If something goes wrong with the primary data store, there is another copy available for use (although slightly behind), but that copy isn´t a replacement for backups! Suppose there is a logical corruption in the primary database. As soon as the log fills, the secondary database copy becomes corrupted as well. Similarly, if something is deleted from the primary database, a short time later it is deleted from the secondary. The deleted item is stored in the database (dumpster) by default for 14 days before being expunged during online maintenance. To recover deleted data more than 2 weeks old, a backup is required.
Be aware that LCR does not address database verification. Only incoming log files are inspected. Performing regular backups with verification–such as those performed with NetApp SnapManager® for Exchange– can verify that the production database is healthy. This ensures the success of the backup and the ability to use a consistent database (and log file) image for restoration when required.
Question #2: Does CCR Replace My DR Strategy?
Answer: It Might, But There are Tradeoffs.
As previously discussed, since LCR is focused on storage resiliency, there is no benefit if the server goes down. Instead, if the primary storage fails, the failover is not automated. This means that the administrator has to manually fail over to the target copy. That brings us to Cluster Continuous Replication, which provides Exchange server resiliency. Instead of keeping a copy of the Exchange database on the same machine, the copy is kept on another machine.

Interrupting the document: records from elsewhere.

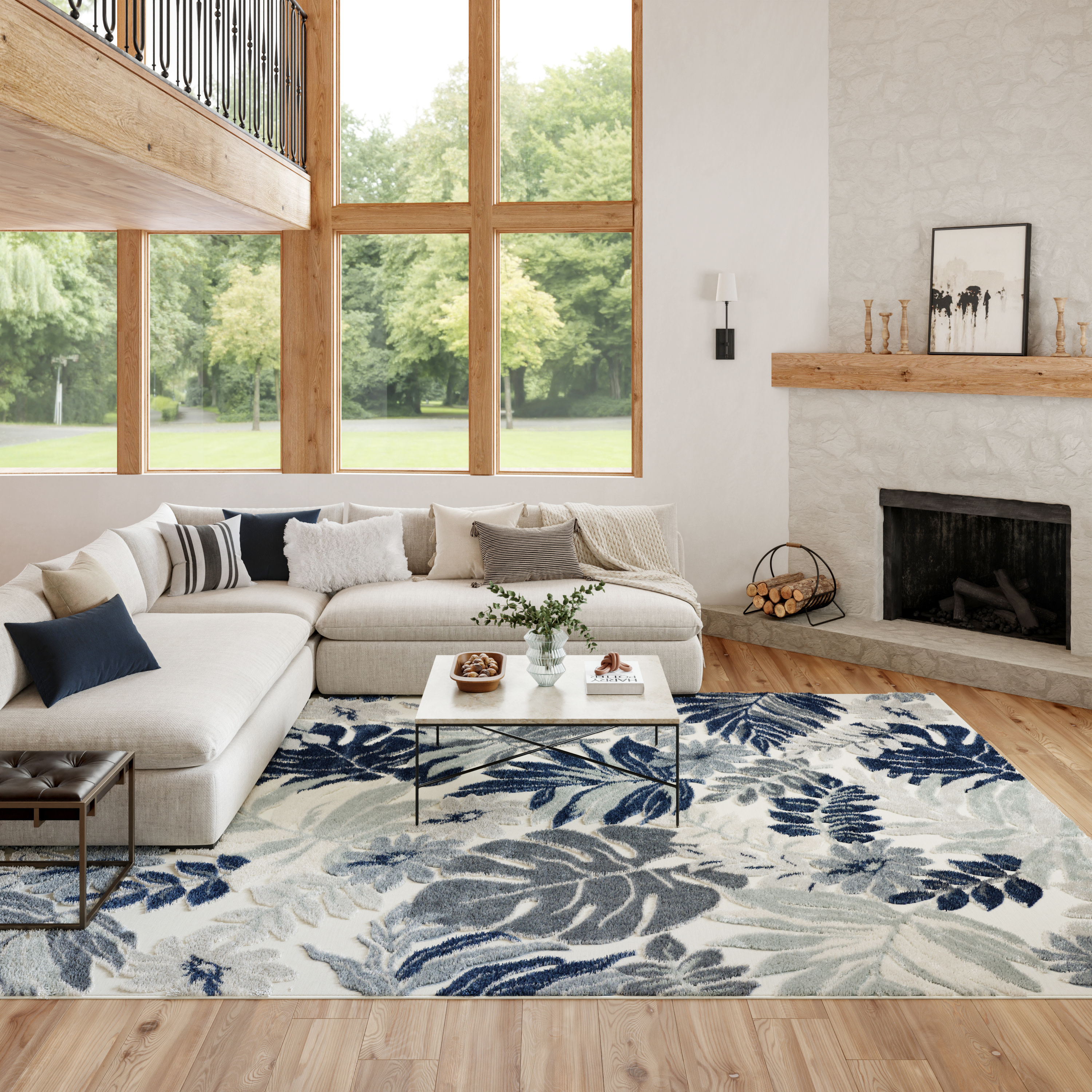 Nourison Suncoast 9' x 12' Blue Tropical Rug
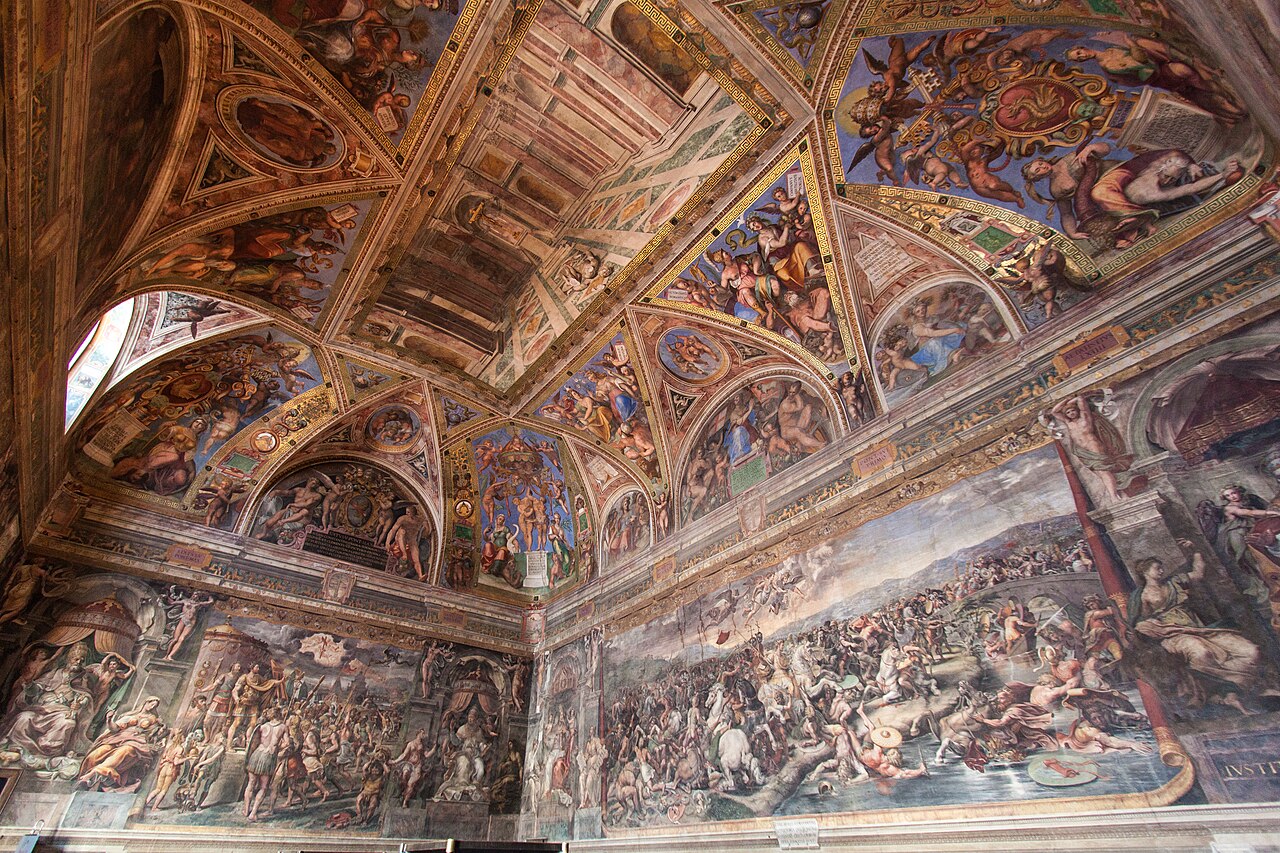 The lavishly decorated Sala di Costantino in the Vatican Raphael Rooms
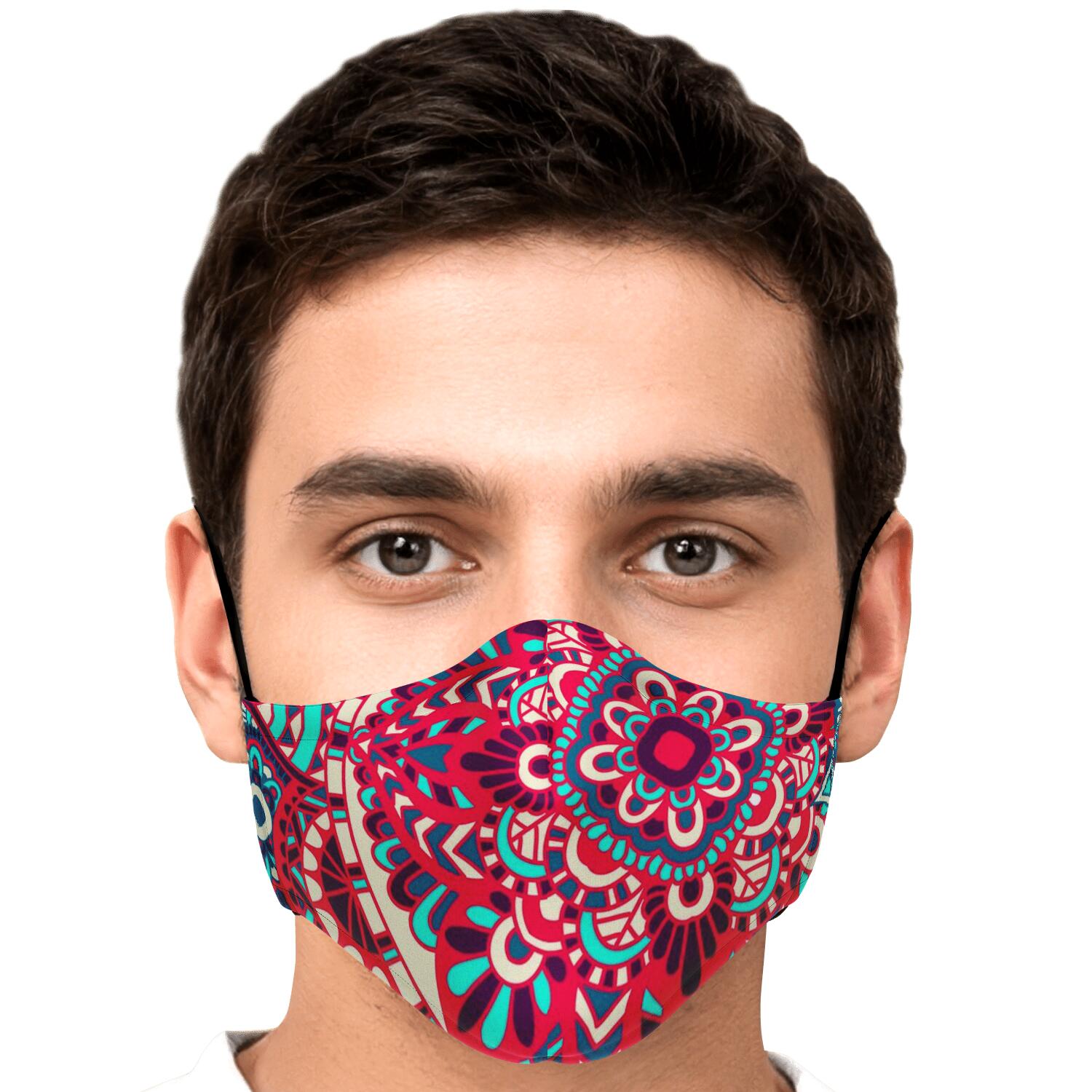 Pink Teal Bohemian Mandala Pattern Print Face Mask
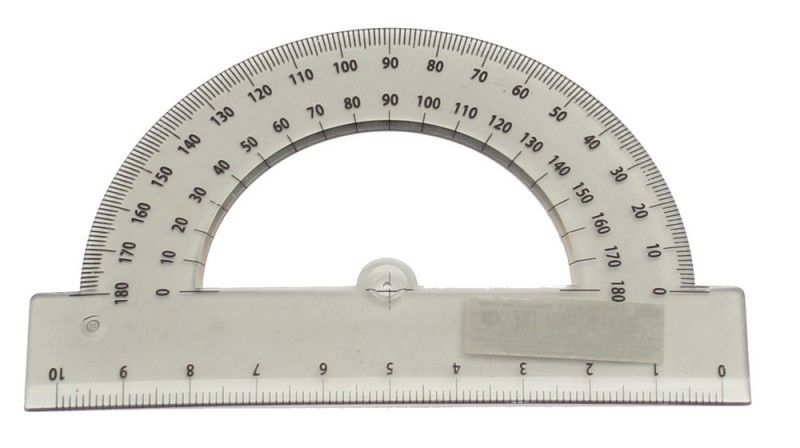 Транспортир 180гр с лин. 10см тонир прозр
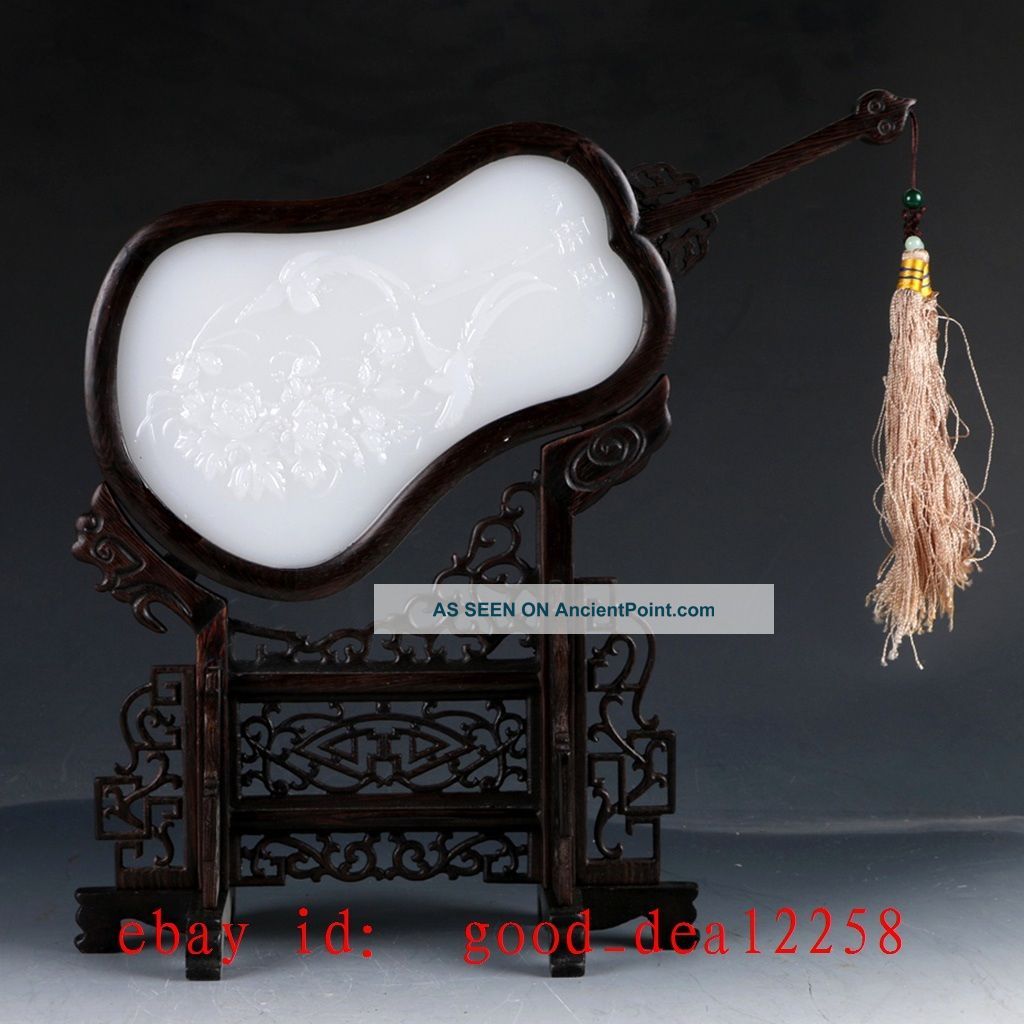 Chinese Wood Inlay Afghanistan Jade Carved Bird & Peony Screen Ypf23 Other Chinese Antiques photo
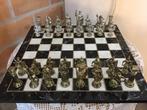 Prachtig schaakspel met zware metalen schaakfiguren., Enlèvement ou Envoi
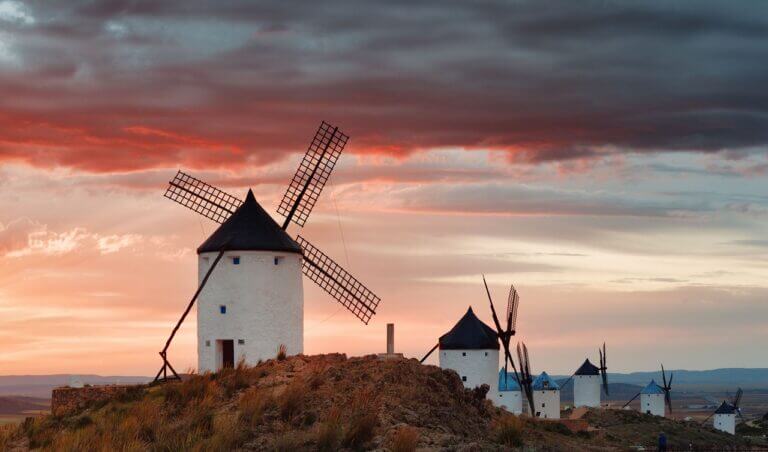 Windmill sunset panorama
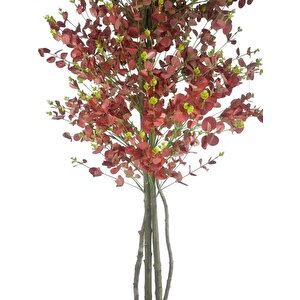 Yapay Ağaç Kızılkahve Okaliptus 2 Gövdeli Çalılı 180*80cm Siyah Plastik Saksılı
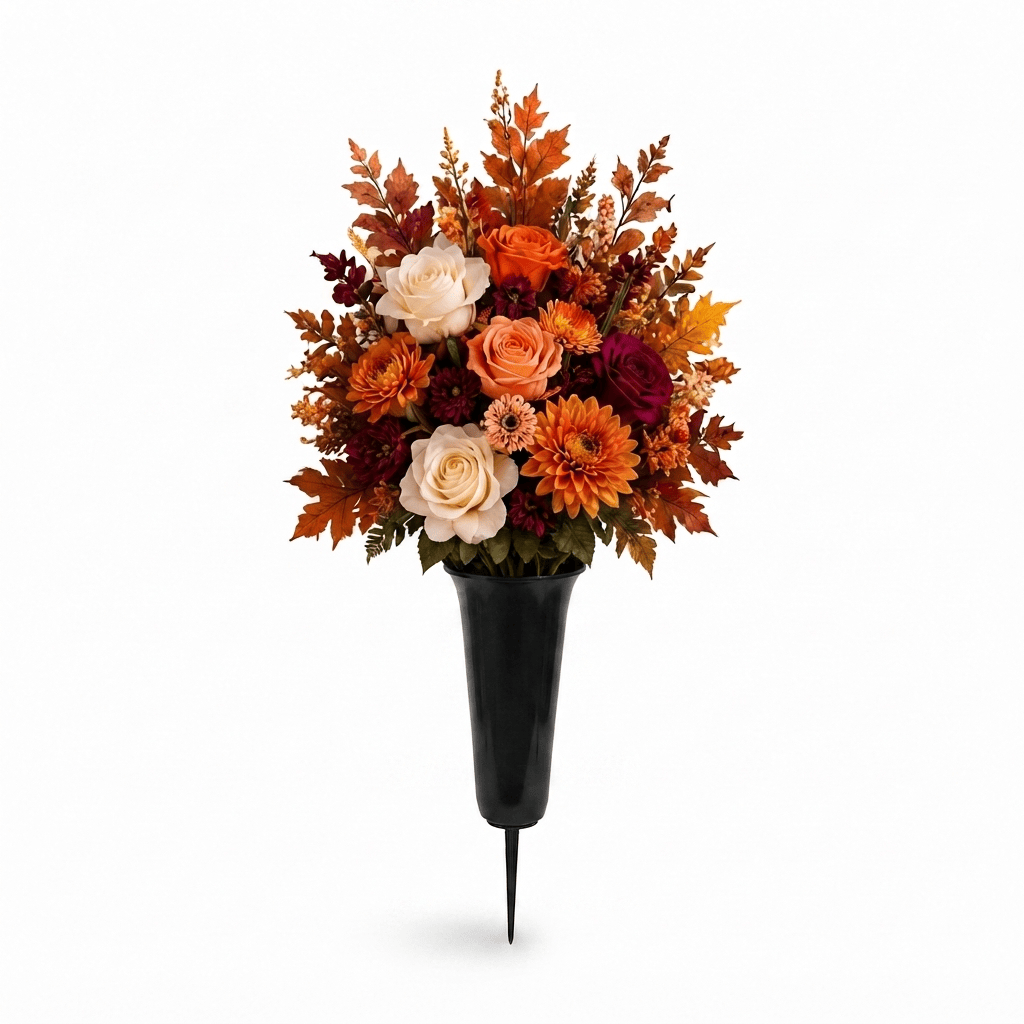 Artificial Cemetery Cone: Roses & Chrysanthemums (Orange, Cream & Burgundy)
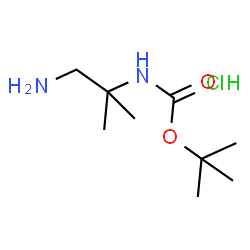 ChemSpider 2D Image | TERT-BUTYL N-(1-AMINO-2-METHYLPROPAN-2-YL)CARBAMATE HYDROCHLORIDE | C9H21ClN2O2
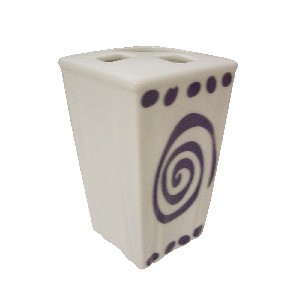 VASO CEPILLO PLIEGUE ESPIRAL TOPOS AZUL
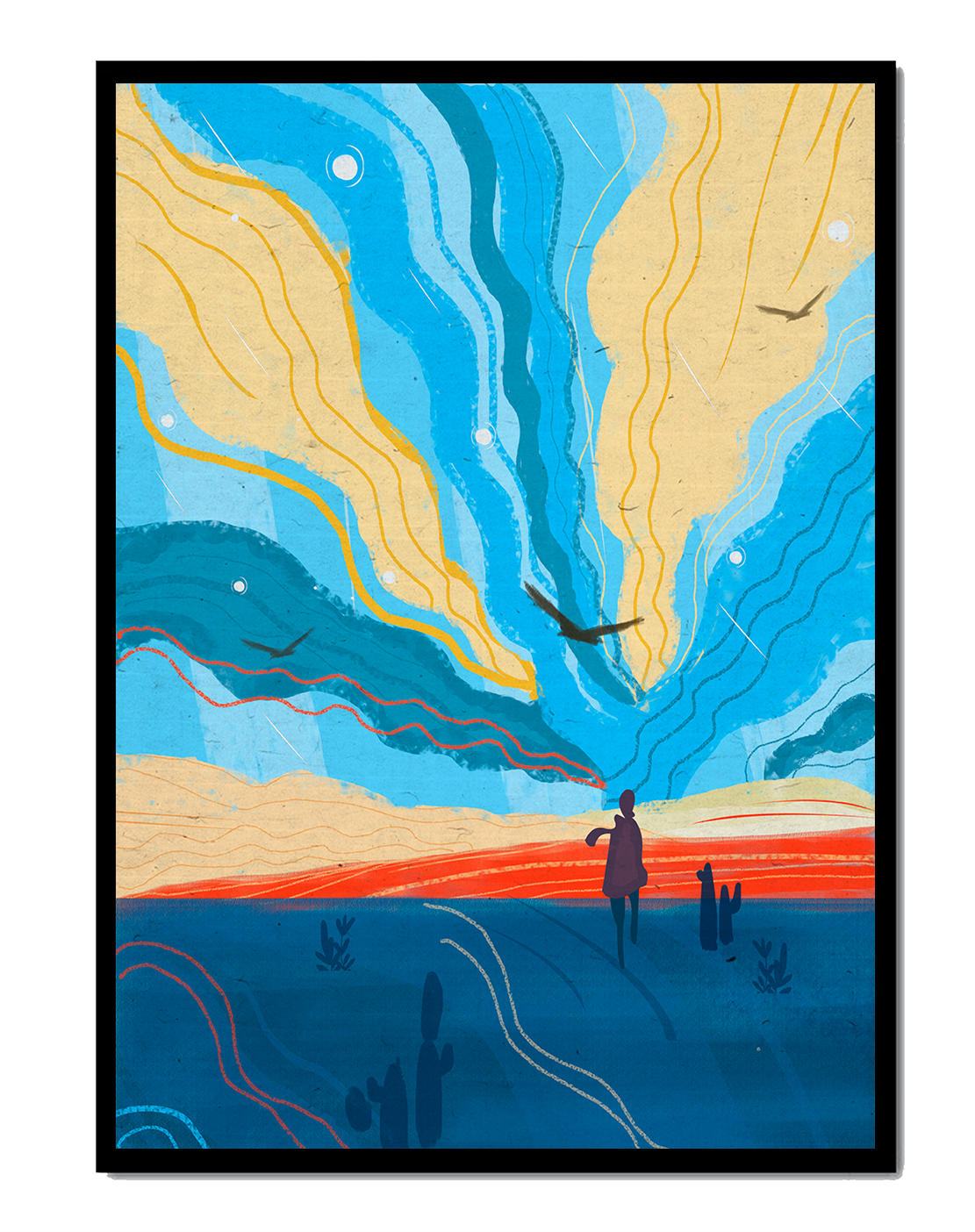 Colorful abstract landscape with figure and birds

The second machine that stores the Exchange database copy is deployed as part of a two-node Microsoft Cluster (MSCS) that includes the original machine. (Right now, only a two-node cluster is supported.) To be in an MSCS cluster, network latency must be below 500ms (heartbeat) to ensure that the cluster nodes can communicate with each other. Next, with CCR, latency and throughput must keep up with the log generation. This is bandwidth-dependent, so the infrastructure may support a distance of anywhere from 1 to 200 miles. Typically, this translates to 60 to 100 miles.
If the primary cluster node fails, the system automatically uses the secondary node running against the replica of the Exchange database. In a controlled failover, where the primary node is still available, all log files are copied to the target, and no data is at risk. In the event of a catastrophic failure of the primary node, CCR (not LCR) attempts to recover all mail sent through transport from the hub transport server, which may not have been replicated at the time of failure.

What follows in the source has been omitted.